**ASSIGNMENT:** Leaving the pictures aside, repeat every line below exactly.

***** STORED DATA *****

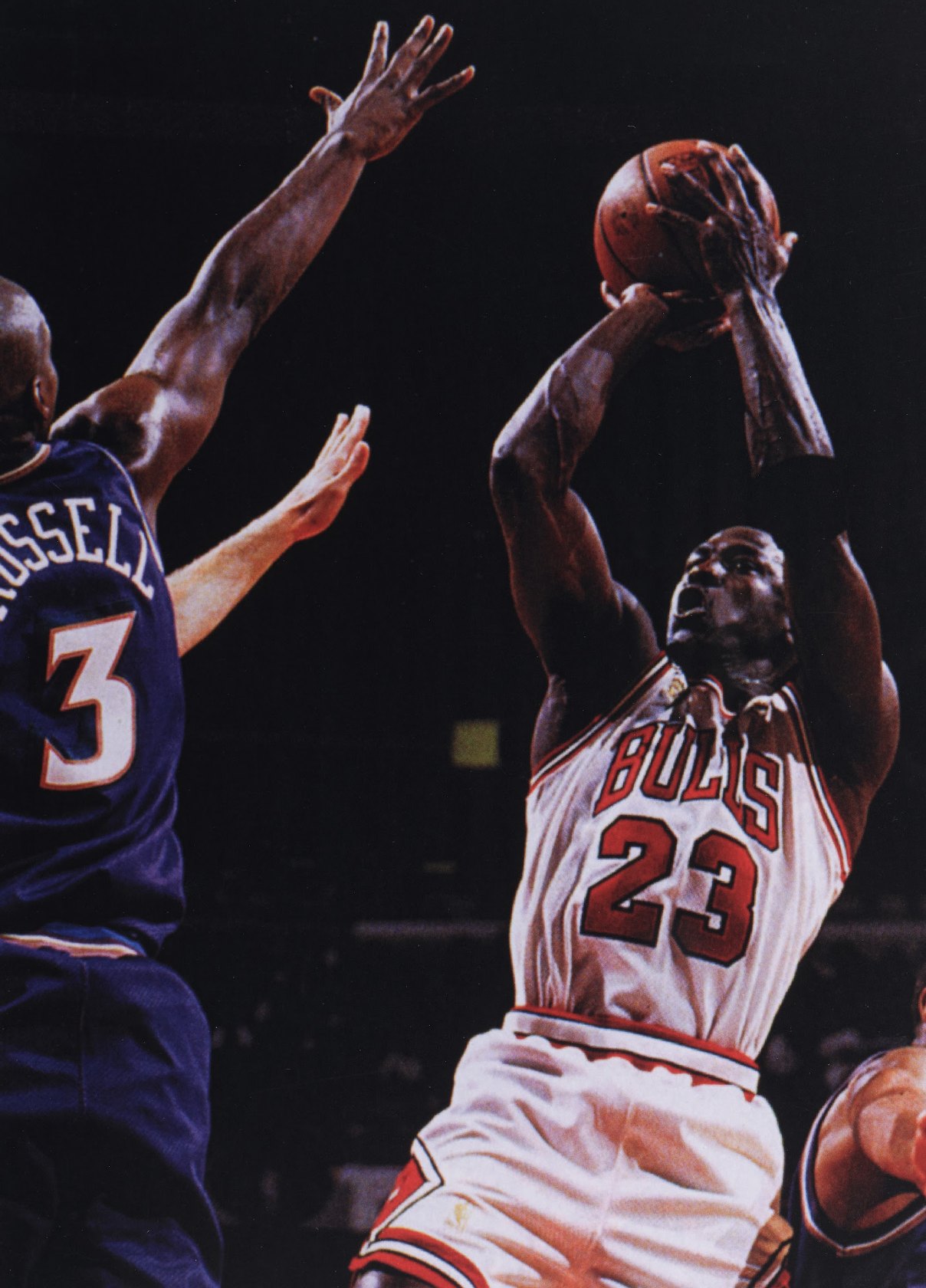 Michael Jordan in a white Bulls 23 jersey rising for a jump shot over a Jazz defender.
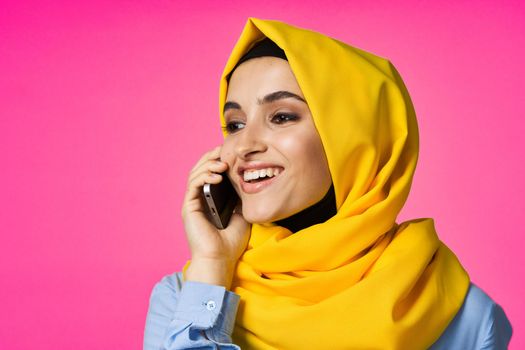 Muslim woman wearing hijab telephone communication technology pink background. High quality photo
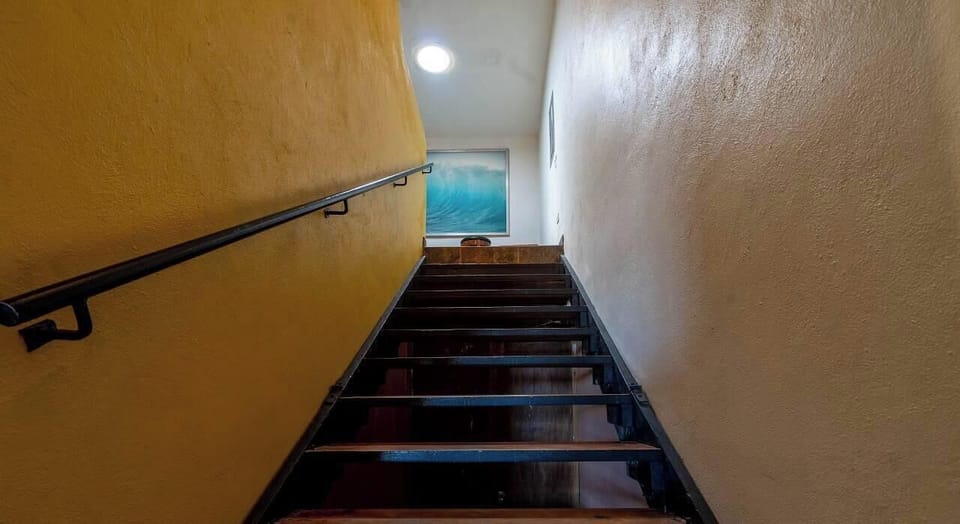 Elegant interior staircase at Casa Las Palmas in the Las Palmas community of San Felipe BC MX — connecting living areas to upper-level bedrooms.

*****

**RESULT:**
 Michael Jordan in a white Bulls 23 jersey rising for a jump shot over a Jazz defender.
 Muslim woman wearing hijab telephone communication technology pink background. High quality photo
 Elegant interior staircase at Casa Las Palmas in the Las Palmas community of San Felipe BC MX — connecting living areas to upper-level bedrooms.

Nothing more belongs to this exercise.